Speaker
Description
UKRI-STFC's Scientific Computing Department operates Echo, a very large (~100 PiB) data storage cluster located at the Rutherford Appleton Laboratory and implemented using Ceph storage technology. Echo is one of the world's largest publicly-advertised Ceph clusters. Echo's primary use case is to provide a high-throughput data storage endpoint for the WLCG's high-throughput computing operations - it serves data to RAL's Condor batch farm, to remote batch farms at other UK institutions, and to other WLCG sites.
After a brief overview of Ceph and the RAL Tier 1, we will give an overview of the cluster's development, design goals, and the cluster's current state. The specific highlights include:
Typical hardware configurations of the storage, gateway, and monitor nodes
The specific approach we use for WLCG file storage - user files are striped to 64MB objects, which in turn are stored using an 8+3 erasure coding scheme.
Gateway configuration: high bulk throughput is achieved through tight integration between the local batch farm and the storage cluster.
We then move on to an overview of the challenges that managing a Ceph cluster at this scale poses. Specific issues with very large clusters include node rebuild times, monitor node load, internal networking capacity, data migration times, and the duration of major interventions. We address each of these in turn and detail our approaches to each.

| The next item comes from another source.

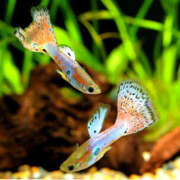 ヒメ日記 2025/11/28 18:30 投稿 松風　凛 魅惑の官能アロマエステ　Eureka！八王子 ～エウレカ！～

Finally, we will outline our recent changes and future plans for the cluster and general Ceph provision at RAL. With 260 storage nodes, Echo has surpassed the default host-level failure domains, necessitating a more sophisticated architecture - we refer to this project as 'High-level failure domains'. We discuss the constraints on this architecture imposed by the combination of data centre infrastructure (power, networking, physical rack layout), and Ceph's own architectural requirements.